_Work request:_
Set down the entries again word for word, without any of the images.
** Supplied data follows **
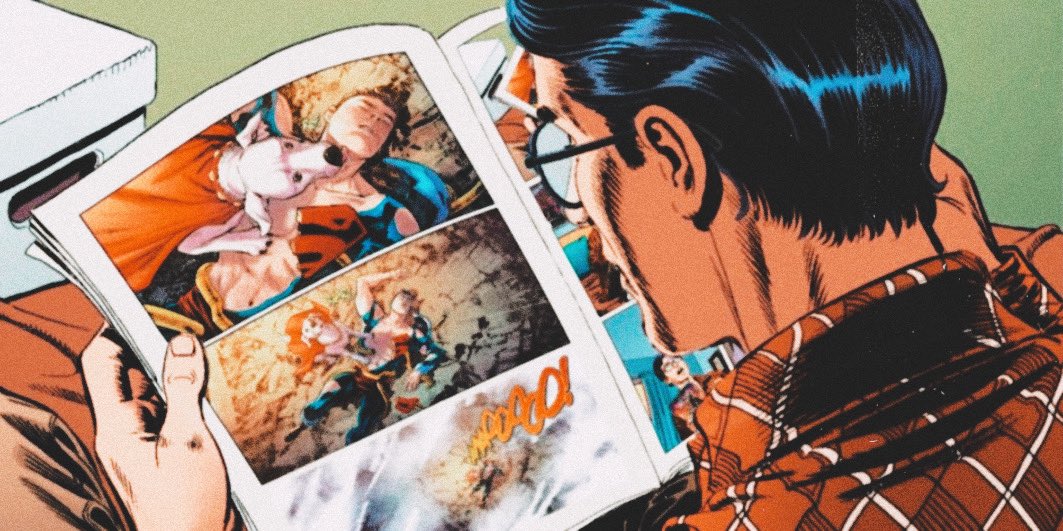 #DCRP                  𝒙                            #MVRP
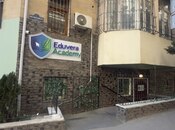 İcarəyə verilir 1 otaqlı ofis 14 m², Nizami m., photo 3 from 3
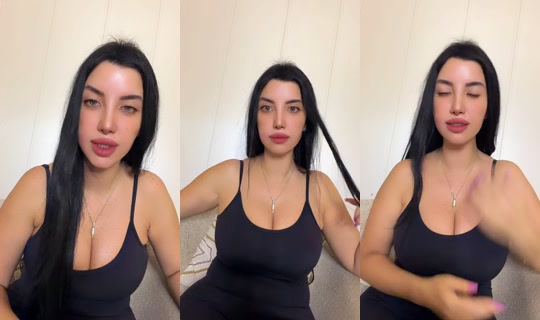 lups253's Live Session — Sep 12, 2026, 6:32 PM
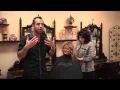 How to Make Your Spiral Perm Last Fun Hair Tips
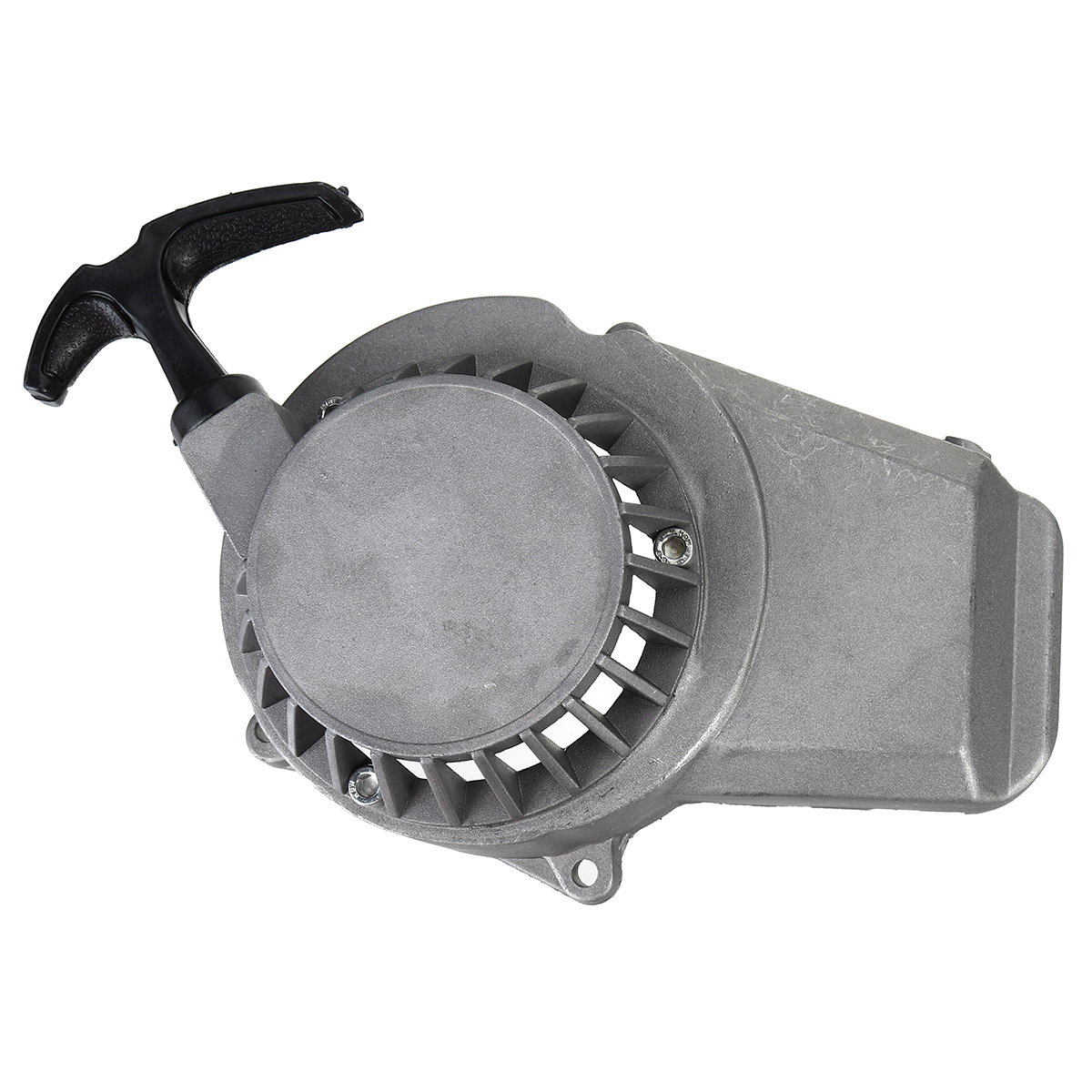 43cc-47cc-49cc-2-stroke-Recoil-Pull-Starter-For-Pocket-Pit-Dirt-Bikes-ATV-Quad-Scooter-1767535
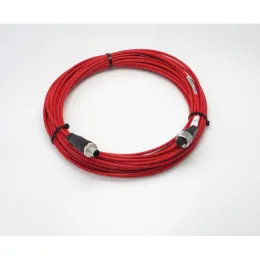 SENSOR.CABLE-240C-C-MIL-OE-50M Schaeffler
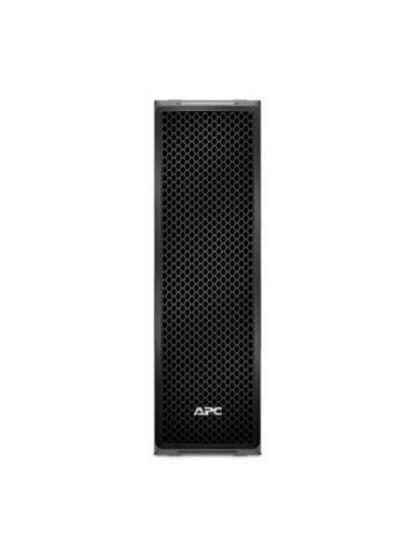 APC TRANSFORMADOR REDUCTOR SMART-UPS SRT SRT5KTF 5000VA - Image 4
** End of Supplied data **
_Task response:_
 #DCRP                  𝒙                            #MVRP
 İcarəyə verilir 1 otaqlı ofis 14 m², Nizami m., photo 3 from 3
 lups253's Live Session — Sep 12, 2026, 6:32 PM
 How to Make Your Spiral Perm Last Fun Hair Tips
 43cc-47cc-49cc-2-stroke-Recoil-Pull-Starter-For-Pocket-Pit-Dirt-Bikes-ATV-Quad-Scooter-1767535
 SENSOR.CABLE-240C-C-MIL-OE-50M Schaeffler
 APC TRANSFORMADOR REDUCTOR SMART-UPS SRT SRT5KTF 5000VA - Image 4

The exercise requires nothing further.